We can assign $U_D(1)$ charge $-1/2$ to $\phi_i$ and +1 to the $\theta$s, and
$U_1(1)$ charge +3/2 to all the components of the multiplet.
The transformation rules:
\bea
U_D(1)&:\qquad\qquad W_i(\theta)\rightarrow e^{-{1\over 2}i\alpha}
W_i(e^{i\alpha}\theta),\\
U_1(1)&:\qquad\qquad W_i(\theta)\rightarrow e^{{3\over 2}i\alpha}W_i(\theta),
\eea{simm}
give for the components:
\bea
U_D(1)&:\qquad\qquad \phi_i \left (-{1\over 2}\right ), \lambda_{iL}
\left (-{1\over 2}\right ), F^-_L \left (-{3\over 2}\right ),
\lambda_L \left (-{3\over 2}\right ),\\
U_1(1)&:\qquad\qquad \phi_i \left ({3\over 2}\right ), \lambda_{iL}
\left (-{3\over 2}\right ), F^-_L \left (-{3\over 2}\right ), \lambda_L
\left ({3\over 2}\right ).
\eea{trasf}
Notice that since the above symmetries act on $F_L$ as a duality rotation,
they can only be realized in free-field theory as continuous invariances, and
in non-perturbative Yang-Mills theory at the self-dual point as discrete
subgroups. Notice also that  $U_D$ commutes with $N=1$ supersymmetry.
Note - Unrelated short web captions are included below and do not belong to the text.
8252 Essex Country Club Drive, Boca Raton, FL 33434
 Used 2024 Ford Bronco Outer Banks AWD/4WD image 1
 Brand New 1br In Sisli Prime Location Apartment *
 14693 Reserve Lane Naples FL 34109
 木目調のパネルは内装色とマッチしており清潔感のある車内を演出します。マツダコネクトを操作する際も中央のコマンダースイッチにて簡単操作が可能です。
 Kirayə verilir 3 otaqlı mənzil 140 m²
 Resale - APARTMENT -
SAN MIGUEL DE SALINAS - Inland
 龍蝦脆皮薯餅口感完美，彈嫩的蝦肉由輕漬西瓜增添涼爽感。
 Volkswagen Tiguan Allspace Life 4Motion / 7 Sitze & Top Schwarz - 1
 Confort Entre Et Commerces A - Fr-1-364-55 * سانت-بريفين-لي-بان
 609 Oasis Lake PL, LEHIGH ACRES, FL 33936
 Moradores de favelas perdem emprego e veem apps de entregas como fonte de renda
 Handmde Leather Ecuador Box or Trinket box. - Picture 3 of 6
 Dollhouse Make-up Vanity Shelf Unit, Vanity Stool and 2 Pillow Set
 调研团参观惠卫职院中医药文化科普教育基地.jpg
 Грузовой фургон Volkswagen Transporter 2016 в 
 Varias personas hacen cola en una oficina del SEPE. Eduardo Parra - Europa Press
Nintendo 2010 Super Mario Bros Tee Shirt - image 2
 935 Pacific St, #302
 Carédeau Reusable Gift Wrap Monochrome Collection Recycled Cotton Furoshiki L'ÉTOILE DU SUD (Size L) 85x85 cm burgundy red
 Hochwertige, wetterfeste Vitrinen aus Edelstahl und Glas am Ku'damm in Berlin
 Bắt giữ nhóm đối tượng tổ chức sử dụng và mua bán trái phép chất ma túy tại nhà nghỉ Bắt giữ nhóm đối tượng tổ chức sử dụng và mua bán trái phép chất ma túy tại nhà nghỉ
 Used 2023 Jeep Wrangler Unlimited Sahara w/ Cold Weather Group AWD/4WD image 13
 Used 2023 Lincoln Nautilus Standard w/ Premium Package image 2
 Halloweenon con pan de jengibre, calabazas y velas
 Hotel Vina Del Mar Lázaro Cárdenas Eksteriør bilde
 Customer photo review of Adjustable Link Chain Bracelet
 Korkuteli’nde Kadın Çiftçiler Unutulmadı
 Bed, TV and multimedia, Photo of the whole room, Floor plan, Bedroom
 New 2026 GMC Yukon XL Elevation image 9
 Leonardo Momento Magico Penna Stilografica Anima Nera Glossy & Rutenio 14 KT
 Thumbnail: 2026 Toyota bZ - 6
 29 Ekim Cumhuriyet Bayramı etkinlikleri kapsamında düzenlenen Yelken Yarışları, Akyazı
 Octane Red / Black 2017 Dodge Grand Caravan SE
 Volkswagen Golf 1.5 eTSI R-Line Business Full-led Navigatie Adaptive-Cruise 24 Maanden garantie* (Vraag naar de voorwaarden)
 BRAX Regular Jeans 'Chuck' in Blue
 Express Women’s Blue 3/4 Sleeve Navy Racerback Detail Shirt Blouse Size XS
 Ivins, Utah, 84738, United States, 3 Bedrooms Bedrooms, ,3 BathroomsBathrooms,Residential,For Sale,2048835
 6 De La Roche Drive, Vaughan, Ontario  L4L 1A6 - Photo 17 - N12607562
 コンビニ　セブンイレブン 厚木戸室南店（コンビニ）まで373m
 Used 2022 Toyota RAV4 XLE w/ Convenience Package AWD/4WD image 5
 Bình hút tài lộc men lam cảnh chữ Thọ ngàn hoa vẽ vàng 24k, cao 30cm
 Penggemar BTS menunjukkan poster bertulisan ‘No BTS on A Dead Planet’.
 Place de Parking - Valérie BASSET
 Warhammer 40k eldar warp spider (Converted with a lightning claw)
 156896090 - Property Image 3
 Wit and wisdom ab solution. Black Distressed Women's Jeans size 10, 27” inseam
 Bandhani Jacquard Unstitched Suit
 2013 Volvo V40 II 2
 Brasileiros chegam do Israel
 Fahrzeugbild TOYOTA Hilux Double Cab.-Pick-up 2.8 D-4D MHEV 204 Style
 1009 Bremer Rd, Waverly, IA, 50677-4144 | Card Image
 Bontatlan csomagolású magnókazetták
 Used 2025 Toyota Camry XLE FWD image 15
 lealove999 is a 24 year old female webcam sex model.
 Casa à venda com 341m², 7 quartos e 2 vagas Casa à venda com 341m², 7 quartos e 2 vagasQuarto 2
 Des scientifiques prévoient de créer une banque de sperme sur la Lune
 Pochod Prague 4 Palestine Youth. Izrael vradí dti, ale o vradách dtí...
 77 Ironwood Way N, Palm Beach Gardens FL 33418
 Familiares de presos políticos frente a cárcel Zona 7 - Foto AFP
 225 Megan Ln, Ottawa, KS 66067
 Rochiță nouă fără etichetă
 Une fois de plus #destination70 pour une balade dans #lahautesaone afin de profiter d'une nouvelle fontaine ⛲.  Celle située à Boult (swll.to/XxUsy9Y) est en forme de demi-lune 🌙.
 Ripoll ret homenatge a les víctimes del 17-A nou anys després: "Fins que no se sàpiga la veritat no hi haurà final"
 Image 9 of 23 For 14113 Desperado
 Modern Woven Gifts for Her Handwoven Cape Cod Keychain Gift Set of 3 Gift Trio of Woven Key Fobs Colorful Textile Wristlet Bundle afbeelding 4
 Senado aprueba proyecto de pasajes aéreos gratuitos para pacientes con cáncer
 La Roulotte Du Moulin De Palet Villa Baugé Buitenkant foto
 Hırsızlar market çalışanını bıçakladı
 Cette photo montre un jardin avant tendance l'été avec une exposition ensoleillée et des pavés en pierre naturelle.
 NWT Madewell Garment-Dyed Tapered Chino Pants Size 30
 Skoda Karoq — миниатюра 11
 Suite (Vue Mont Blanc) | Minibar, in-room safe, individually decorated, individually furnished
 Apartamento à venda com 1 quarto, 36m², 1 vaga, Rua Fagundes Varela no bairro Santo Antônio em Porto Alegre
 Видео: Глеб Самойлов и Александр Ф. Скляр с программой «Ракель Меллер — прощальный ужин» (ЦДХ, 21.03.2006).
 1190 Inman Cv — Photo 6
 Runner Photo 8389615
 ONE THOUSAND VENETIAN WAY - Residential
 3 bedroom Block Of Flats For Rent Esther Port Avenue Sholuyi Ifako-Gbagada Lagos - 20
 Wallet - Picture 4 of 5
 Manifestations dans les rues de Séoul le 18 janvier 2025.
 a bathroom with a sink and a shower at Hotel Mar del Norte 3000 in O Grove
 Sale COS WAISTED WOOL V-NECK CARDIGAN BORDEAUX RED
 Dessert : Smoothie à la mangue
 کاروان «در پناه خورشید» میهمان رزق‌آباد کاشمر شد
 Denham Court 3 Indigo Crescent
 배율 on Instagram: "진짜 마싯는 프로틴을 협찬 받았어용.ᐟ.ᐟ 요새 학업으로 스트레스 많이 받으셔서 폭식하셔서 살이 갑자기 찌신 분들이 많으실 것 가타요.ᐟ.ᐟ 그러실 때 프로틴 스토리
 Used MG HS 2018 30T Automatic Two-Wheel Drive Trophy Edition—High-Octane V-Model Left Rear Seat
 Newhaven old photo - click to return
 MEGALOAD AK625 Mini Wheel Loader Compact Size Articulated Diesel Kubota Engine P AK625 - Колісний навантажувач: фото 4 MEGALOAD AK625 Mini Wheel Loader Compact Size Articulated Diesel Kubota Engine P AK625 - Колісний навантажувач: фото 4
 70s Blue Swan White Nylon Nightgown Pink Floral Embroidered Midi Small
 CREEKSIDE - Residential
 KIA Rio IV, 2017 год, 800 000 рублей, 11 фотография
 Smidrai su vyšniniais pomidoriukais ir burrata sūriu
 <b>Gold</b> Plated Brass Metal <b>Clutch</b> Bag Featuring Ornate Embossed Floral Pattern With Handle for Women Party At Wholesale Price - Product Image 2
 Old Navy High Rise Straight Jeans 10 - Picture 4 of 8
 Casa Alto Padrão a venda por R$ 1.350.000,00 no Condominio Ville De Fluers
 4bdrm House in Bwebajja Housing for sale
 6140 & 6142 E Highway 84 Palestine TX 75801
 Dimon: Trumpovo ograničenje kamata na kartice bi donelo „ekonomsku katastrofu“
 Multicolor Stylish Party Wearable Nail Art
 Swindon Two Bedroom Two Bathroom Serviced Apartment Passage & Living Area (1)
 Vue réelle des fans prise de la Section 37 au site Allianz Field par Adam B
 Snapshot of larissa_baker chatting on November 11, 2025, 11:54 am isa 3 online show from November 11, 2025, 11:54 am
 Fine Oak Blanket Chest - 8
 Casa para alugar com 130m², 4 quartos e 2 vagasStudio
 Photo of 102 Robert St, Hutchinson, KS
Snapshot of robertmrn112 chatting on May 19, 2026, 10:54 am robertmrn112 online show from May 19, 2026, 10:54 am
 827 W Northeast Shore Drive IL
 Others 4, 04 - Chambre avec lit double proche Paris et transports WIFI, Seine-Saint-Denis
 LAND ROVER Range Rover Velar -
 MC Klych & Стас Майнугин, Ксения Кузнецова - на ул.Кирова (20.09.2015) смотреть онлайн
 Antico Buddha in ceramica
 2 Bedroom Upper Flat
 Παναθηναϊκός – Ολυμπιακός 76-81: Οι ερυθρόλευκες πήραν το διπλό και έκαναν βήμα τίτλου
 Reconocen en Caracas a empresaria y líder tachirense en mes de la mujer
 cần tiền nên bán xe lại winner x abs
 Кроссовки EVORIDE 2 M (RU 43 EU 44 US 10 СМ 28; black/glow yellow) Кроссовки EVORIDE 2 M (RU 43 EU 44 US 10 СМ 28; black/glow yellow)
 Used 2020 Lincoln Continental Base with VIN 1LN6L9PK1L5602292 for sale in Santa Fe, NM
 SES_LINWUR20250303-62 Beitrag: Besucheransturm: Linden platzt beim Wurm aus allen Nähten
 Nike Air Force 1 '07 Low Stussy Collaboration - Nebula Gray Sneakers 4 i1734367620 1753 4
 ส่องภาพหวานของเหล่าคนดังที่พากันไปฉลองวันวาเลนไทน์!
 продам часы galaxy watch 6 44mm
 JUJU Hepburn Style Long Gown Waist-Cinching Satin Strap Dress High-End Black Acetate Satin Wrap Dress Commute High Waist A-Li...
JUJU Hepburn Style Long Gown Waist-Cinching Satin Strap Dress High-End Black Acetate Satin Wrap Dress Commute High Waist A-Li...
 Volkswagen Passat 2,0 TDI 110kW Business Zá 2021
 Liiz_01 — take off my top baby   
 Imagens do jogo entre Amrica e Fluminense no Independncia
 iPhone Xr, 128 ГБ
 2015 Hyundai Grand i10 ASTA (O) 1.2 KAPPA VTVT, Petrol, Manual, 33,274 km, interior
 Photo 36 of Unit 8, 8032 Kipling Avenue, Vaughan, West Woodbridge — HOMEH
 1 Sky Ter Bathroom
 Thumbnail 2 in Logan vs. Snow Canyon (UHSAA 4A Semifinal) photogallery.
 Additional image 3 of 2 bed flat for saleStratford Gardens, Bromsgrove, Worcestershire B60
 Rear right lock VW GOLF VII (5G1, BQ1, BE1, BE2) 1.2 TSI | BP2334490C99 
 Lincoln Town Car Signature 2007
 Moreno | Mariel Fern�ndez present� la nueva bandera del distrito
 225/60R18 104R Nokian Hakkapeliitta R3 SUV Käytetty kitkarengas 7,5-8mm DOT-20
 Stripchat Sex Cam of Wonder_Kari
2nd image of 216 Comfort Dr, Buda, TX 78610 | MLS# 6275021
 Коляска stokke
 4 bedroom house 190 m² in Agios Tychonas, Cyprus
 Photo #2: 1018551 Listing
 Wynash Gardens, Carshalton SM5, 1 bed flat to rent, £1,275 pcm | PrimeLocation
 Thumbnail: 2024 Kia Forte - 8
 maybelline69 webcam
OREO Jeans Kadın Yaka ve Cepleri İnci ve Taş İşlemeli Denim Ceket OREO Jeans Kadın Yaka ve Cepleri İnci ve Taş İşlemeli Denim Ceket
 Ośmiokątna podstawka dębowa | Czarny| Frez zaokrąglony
We give also the quantum numbers of the gauge group $U_R(1)$.
They can be easily obtained by decomposing
$SU(4)\rightarrow SU(3)\times U_R(1)$,
\beq
U_R(1):\qquad\qquad \phi_i (-2), \lambda_{iL}
(1), F^-_L \left ( 0 \right ), \lambda_L
(-3).
\eeq{gauge}
This symmetry is known to be a continuous symmetry of perturbative Yang-Mills
theory.

As for the $U_S(1)$ symmetry, that commutes with $SU(4)$ and corresponds to
the linearly realized $U(1)$ subgroup of $SL(2;R)$, we can define it directly
in terms of the $N=4$ superfield:
\beq
W_{[AB]}\rightarrow W_{[AB]}(e^{i{3\over 4}\alpha}\theta_a), \qquad A,a=1,..,4.
\eeq{NNNN}
This gives for the components:
\beq
U_S(1)=U_D(1)-{1\over 4}U_R(1):\qquad\qquad \phi_i \left ( 0\right ),
\lambda_{iL},\lambda_L
\left (-{3\over 4}\right ), F^-_L \left (-{3\over 2}\right ).
\eeq{SL}

It is clear that several relations among the various $U(1)$s hold, since
only two of them are independent. For example, we have
\beq
U_1(1)= U_D(1)-U_R(1)=-{3\over 4}U_R(1) +U_S(1).
\eeq{ddd}

It is crucial for us that there exists $U_1(1)$, which commutes with $USp(6)$.
We can use this $U(1)$ to define the truncation of the $N=8$ supergravity
theory, or, equivalently, the truncation of the $N=4$ Yang-Mills theory.
We can express $U_1=-{3\over 4}U_R+U_S$ as a linear combination of a $U(1)$
subroup of the $SU(4)$ R-symmetry of $N=4$ SYM and a (discretized) $U(1)$
subgroup of the S-duality group $SL(2;Z)$. By choosing an appropriate element
of $SL(2;Z)$, the discretized $U_1$ is a (non-perturbative) symmetry of the
$N=4$ SYM theory at the self-dual point.

The two spin-2 and spin-3/2 $N=6$ multiplets, which will be denoted $G$ and
$g$, respectively, can be written as bilinears of the singleton fields:
\bea
&G_i^j=\Tr\left (W_i\bar W^j -{1\over 3}\delta_i^jW_k\bar W^k\right )\\
&g_{ij}=\Tr\left (W_iW_j\right ).
\eea{def}
The $\theta$ expansion of these superfields exactly reproduces the structure
and $SU(3)\times U_D(1)$ quantum number of the graviton and gravitino $N=6$
multiplet, as shown in table 3 of~\cite{gun}.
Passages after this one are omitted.